So the world didn’t end. I’m actually kind of disappointed. Would have been a pretty awesome way to die. Is that morbid and creepy? Ohwell.
I used a sparkly green lush bath bomb. It was the prettiest one I’ve used EVER, but the smell was really boring.
I meant to go to sleep after that, but I got all distracted. I suck at sleeping this week. BUT I did go running with my early morning Wednesday group and actually made it the whole 5 miles! The last several weeks I’ve only been doing 4. For some reason that was the magic number before I’d crap out, but now I have a promising future thanks to my knee who is finally starting to calm down.
I think I just ruined my chances of ever
finding a boyfriend tricking some poor guy into dating me.
Speaking of crossfit–A pictiure of me was posted on my box’s blog the other day!!!
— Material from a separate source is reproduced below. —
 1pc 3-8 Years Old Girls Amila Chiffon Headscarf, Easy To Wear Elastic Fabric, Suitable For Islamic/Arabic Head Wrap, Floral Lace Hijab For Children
Here’s a better view of it.
Did I mention that Angie is my least favorite workout ever? Figures. Also, push-ups are my least favorite movement ever. Right next to pull ups.
I did hand-release style pushups for this WOD because I wanted them to count towards my “exercise of the month club” reps. I am currently at 2,005. I am still currently “on schedule”. Only 1,095 more and I’ll be finished!!! Barf. My traps are enormous. Anyways, I am not even going to tell you how long that took me. Okay, fine. The pullups took about 12 minutes and the push-ups took another 15. I did the squats and the situps basically unbroken, but I was still the last person in my whole gym to finish that thing. I can’t even DO that workout without being SUPER duper pissed off the whole time. I was cursing and crying and sweating and hating my life.
Let’s talk food, shall we?
I can’t stop making that spaghettis squash bake. It’s so freaking good and it lasts for 4-6 meals, depending on how starving you are.
This is my grass-fed steak:
It’s a little bit rare, but I don’t care. I ate it anyway.
Brad came over again last night and we made “epic breakfast”.
He pretty much made everything except the french toast. Which turned out looking like turds.
But it tasted pretty epic anyways. I went to get the loaf out of the pan when I discovered that the middle was still soupy. How did I discover that, you ask? Oh, I dumped it all over the kitchen. Isn’t that how everyone checks to see if their bread is done?
Whatever. We exchanged christmas goodies. One of the things he gave me:
Freaking delicious on eggs. We used it during epic breakfast.
Oh, PS–still no callbacks from Bear Grylls casting. I’m not really too excited about submitting a video at this point. It’s a lot of trouble.